What the exercise asks
Every entry must be set down exactly in the answer; no pictures should appear.

Data section
↓
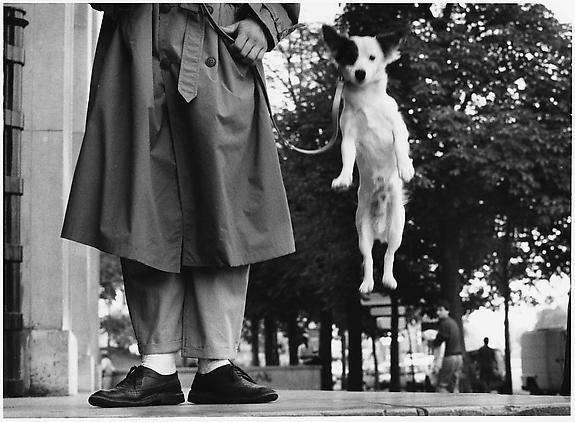 Paris, France, 1989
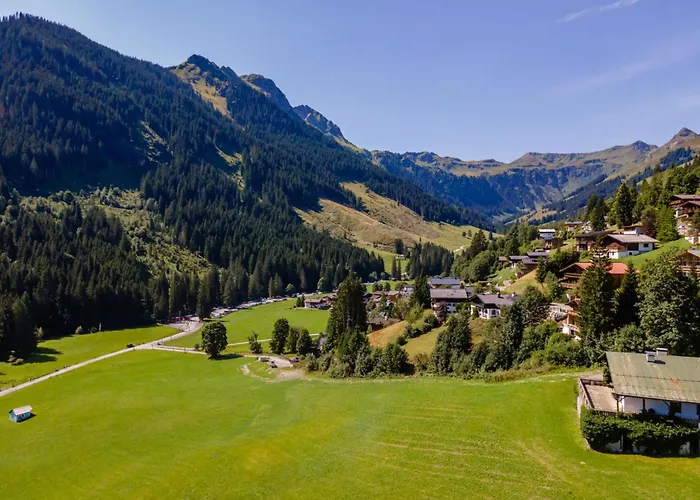 Hinterlengau *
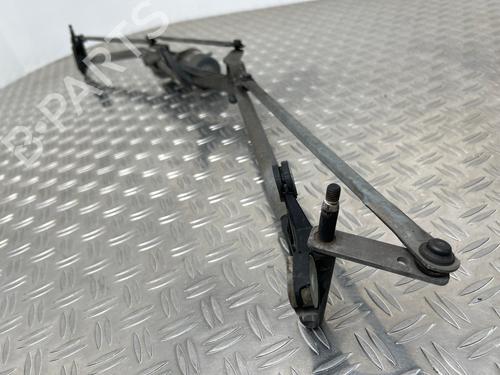 Front wiper motor SMART FORTWO Coupe (451) 1.0 (451.331, 451.380) | BP39989114M29 - Image 4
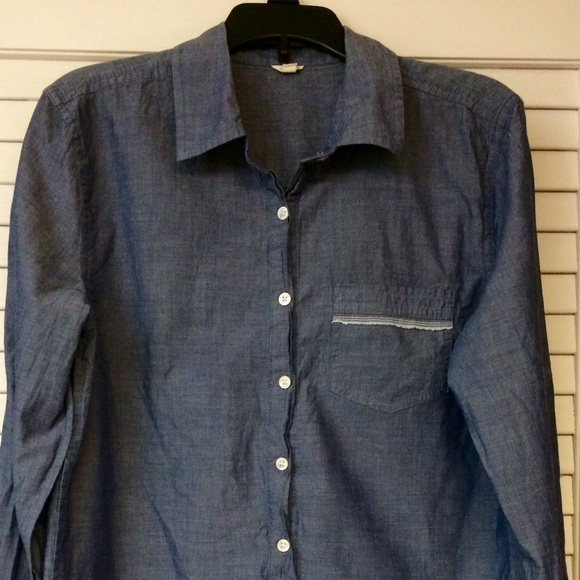 J.Crew shirt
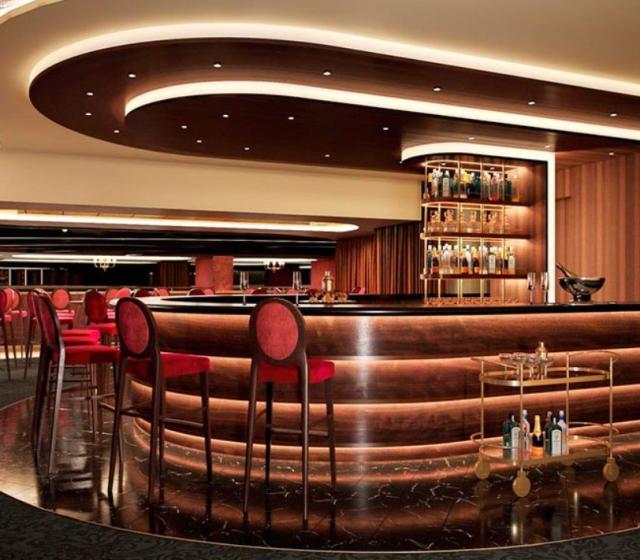 USA, Bahamy z Miami na lodi MSC Seascape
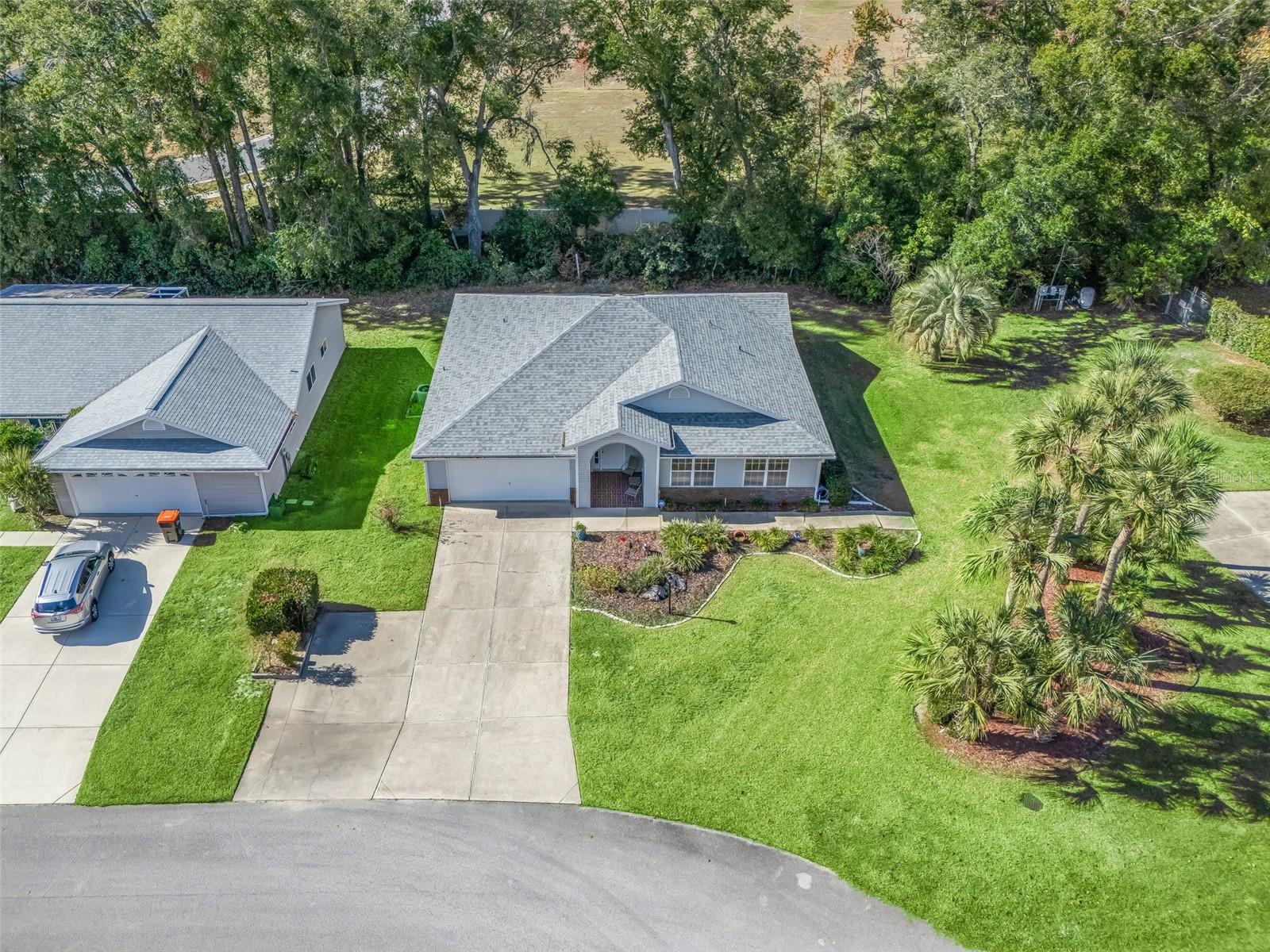 8342 SW 65TH AVE, OCALA, FL, 34476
↑
Exercise response
 Paris, France, 1989
 Hinterlengau *
 Front wiper motor SMART FORTWO Coupe (451) 1.0 (451.331, 451.380) | BP39989114M29 - Image 4
 J.Crew shirt
 USA, Bahamy z Miami na lodi MSC Seascape
 8342 SW 65TH AVE, OCALA, FL, 34476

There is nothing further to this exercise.